The pressure of redemptions, i.e. investors exiting from the fund, has given nightmares to many a seasoned fund manager. Open-ended mutual funds, which by definition allow investors to exit at any point, are run by fund managers who keep higher levels of cash aside for redemptions.
But being prepared for the worst scenario could have ‘helped’ openended mutual funds which have outperformed their closed-ended peers in the last 12 months, an analysis shows.
While top close-ended equity diversified funds have grossed (-) 44% in the one year, their top open-ended peers have given (-) 33% in the same time. As an investor, this means 10% of your money was saved if you chose an open-ended scheme. Both types of funds being ‘diversified’ meant they chose wide variety of stocks to hedge their risks but still a wide gap persists.

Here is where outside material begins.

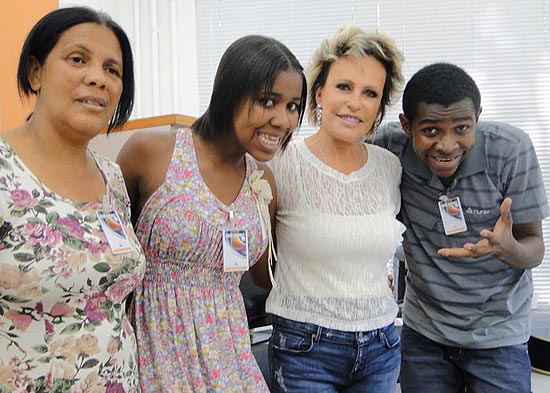 Marinalva, Suellen e Jefferson Barbosa, do video "Para Nossa Alegria", com Ana Maria Braga no Projac 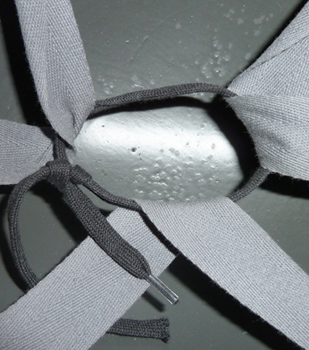 Jointure de la suspension à l'aide d'un lacet. Jointure de la suspension à l'aide d'un lacet.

“One reason could be the optimal design for open funds,’’ Prateek Agrawal, head of equity at Bharti AXA Investment Managers, said. “Open-ended funds have to be prepared for both inflows and outflows.’’
Mutual fund industry analysts point out that fund managers in open-ended schemes keep 15-20% of assets in cash and cash related instruments to meet redemptions. Top open-ended funds such as Birla Sun Life Dividend Yield Plus, UTI Dividend Yield, IDFC Imperial Equity, DSP BlackRock Top 100 Equity and UTI Contra could have scored on this point.
Putting beside more cash left less room for open funds to remain less invested in themes such as mid-caps and smallcaps, which meant that they (open funds) were stuck with less illiquid stocks.
“A good number of fund houses zeroed in on the close-end structure to invest in small and mid-cap themes or infrastructure/construction stocks. These stocks were known to hold long term potential but were also among the most illiquid stocks,’’ said a fund manager of a closed-ended scheme.
Top closed-ended funds such as Tata Equity Management, UTI India Lifestyle, Fortis Sustainable Development, Sundaram BNP Paribas Equity Multiplier and LIC MF Top 100 were perhaps exposed to some illiquid stocks. Once trading volume thins, illiquid stocks are the ones more difficult to dispose off.
Dhirendra Kumar, CEO of fund tracking company Value Research, feels fund management for close-ended funds has been less intensive in the past one year.
“Most close-ended funds used to charge initial launch expenses of a new fund offer till 2007. This was stopped from January 1, 2008. Would fund management companies be interested at a similar level then? Launches of new close-ended funds have been minimal since then and existing funds were less-intensely managed,’’ Kumar said.